Interesting, I view it precisely the opposite. I thought S1 was bold and extremely interesting. S2 was fun, but was a little less interesting and was uneven at times due to the creative shifts behind the scenes. S3 and 4 have been fun, but not nearly as uniquely entertaining to me.
I liked that it didn’t “feel like Star Trek.” I prefer a franchise that moves in different directions and tries different stuff. I’ve got 750 hours of stuff that “feels like Star Trek.” That’s plenty. I preferred DSC trying a completely different tone and take on the universe.
But a lot of people agree with you…so it’s certainly a valid take.
So here's the thing. I think in a different world, I would agree with you. Like 15+ years ago during the height of "Enterprise sucks and Battlestar Galactica is sexy", I wrote a "fan pitch" for a entire TOS reboot (with a lot of inspiration from BSG) that Discovery S1 and S2, in many ways was similar to. The Klingons were the big villain, new designs for everything, recast the original crew, keep Pike around, throw in a few TNG-era characters in this new continuity. It wasn't very good but it was a departure from Berman Trek was we knew it. I posted it here (on my old account) and people liked it for what it was.
I think there is TREMENDOUS value in doing things different.
That said, Discovery is not the show to be that for two reasons. First, it's the only live action show on the ship - the flagship so to speak and the first new show of the "third era" of Star Trek, which means it sets the baseline like TNG did before it for "what Star Trek is". That's been the most frustrating part of Discovery because it's creative upheavals, it's fucking with 23rd century canon created a very unstable baseline that the show has been constantly trying to repair. Moving to the 32nd century and many changes to the show resolves much of that. Secondly, and related, the flagship Star Trek show should be an entryway to all things Star Trek, not the show that did things different. DS9 (my favorite Trek) was allowed to flourish, in part, because TNG and Voyager were the "baseline Trek" shows.

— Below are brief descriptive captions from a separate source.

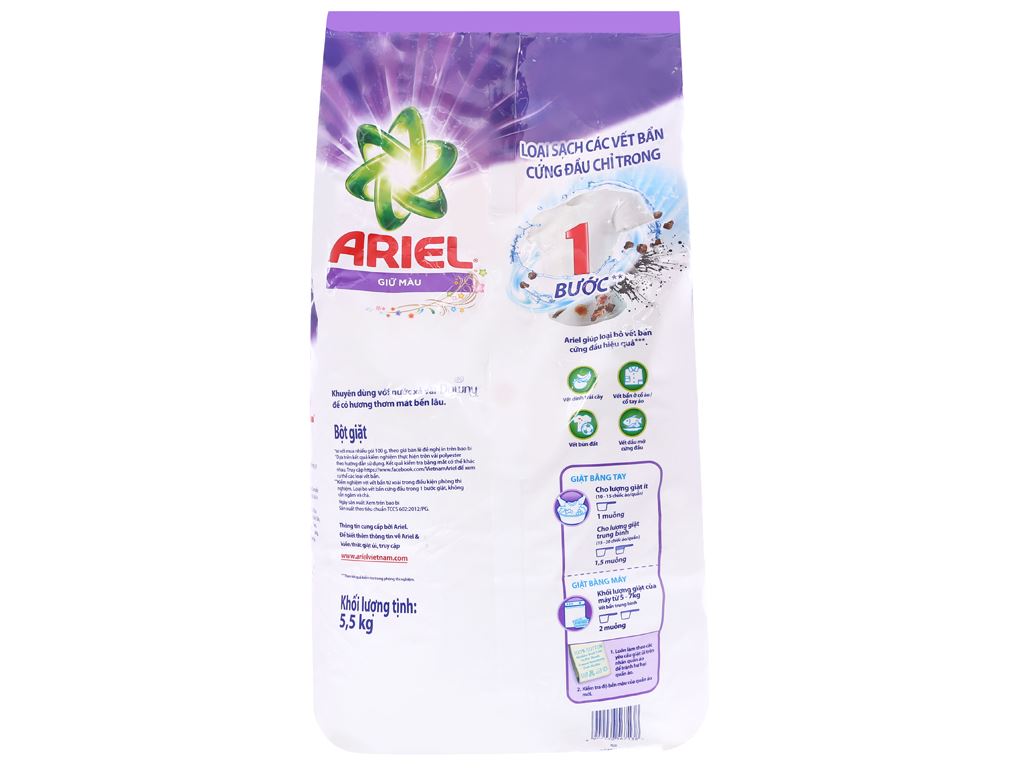 Bột giặt Ariel giữ màu 5.5kg 3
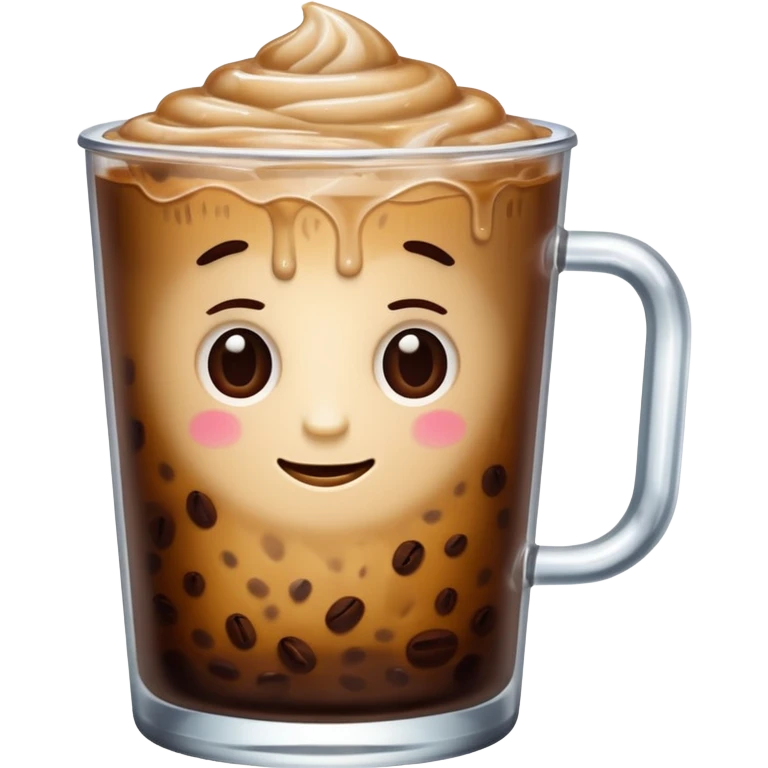 Iced coffee emoji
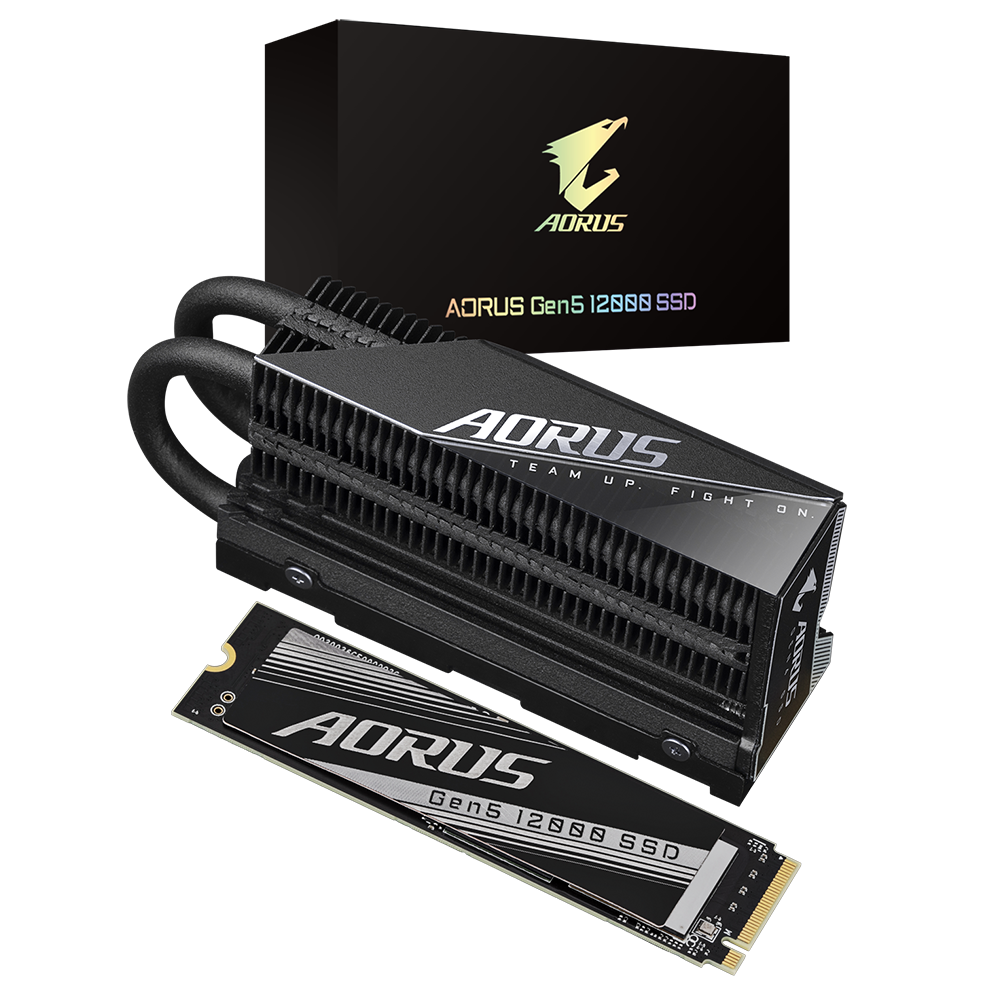 Диск SSD Gigabyte AORUS 12000, 1TB M.2 2280 NVMe PCIe Gen5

Discovery going truly off the beaten path would have worked under one of the two following conditions (1) it was declared to be a clear reboot in a new universe and not a continuation of a specific canon or (2) It was the 2nd live action show on a ship, not the flagship show, while the franchise flagship was basically TNG++ in the 25th century or something.
The way Discovery is now makes me want to stick with the 32nd century like we stuck with the 24th. In fact, I'm less interested in a potential post-Picard 25th century show than I am a post-Discovery 32nd (or 33rd) century show. We wanted Trek to move forward to the future... well it moved forward a lot more than we expected. But the consequence to this is that it's made, for me at least, S1 unwatchable and S2 only somewhat watcable, in a way that simply isn't the case for other Trek shows.